Chandratillake holds an MA in Computer Science from King's College, Cambridge; specializing in distributed processing architectures, he received a double first. While at Cambridge, he was the first web editor of the University's student newspaper, Varsity. Soon after graduating, Chandratillake joined Autonomy Corporation as lead R&D engineer on the company's core data analysis engine.

Chandratillake moved to California as Autonomy's Chief Technology Officer to set up an office in Silicon Valley, where he was responsible for growing the company's research and development division in the United States. Autonomy set up blinkx as a standalone business in 2005, with Chandratillake as CEO. The spinout followed an internal project that Chandratillake set up to develop software that would index and find information at a desktop level. Chandratillake took blinkx public on the London Stock Exchange on May 22, 2007.

Chandratillake has spoken at industry events including the Financial Times' Digital Media Conference, Cannes Lions International Advertising Festival and the Monaco Media Forum. Named a Young Global Leader Honoree in 2009 by the World Economic Forum, Chandratillake has also been recognized as a leader in Science and Innovation by The Observer's Future 500 list, and one of Digital Media Wire's "25 Executives to Watch in Digital Entertainment".

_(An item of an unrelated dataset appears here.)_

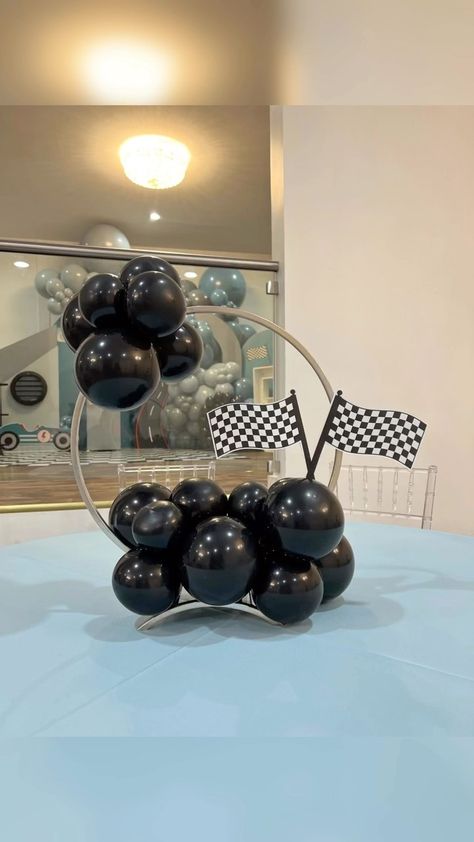 Race Car Balloon Centerpiece, Car Themed Birthday Party Centerpieces, Classic Car Party Ideas, Vintage Car Centerpieces, Car Party Centerpiece, 2 Fast Birthday Party Centerpieces, Pixar Cars Birthday Party Centerpieces, Cars Table Centerpiece, Tire Centerpiece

Chandratillake holds patents in the area of video discovery and online video advertising, is a Fellow of the Royal Academy of Engineering and was a 2012 recipient of the Academy's Silver Medal. He was appointed a member of the Council for Science and Technology, a body that advises the UK Prime Minister on strategic science and technology policy issues from 2017 to 2024.

In the 2018 New Year Honours, Chandratillake was awarded an OBE for services to engineering and technology.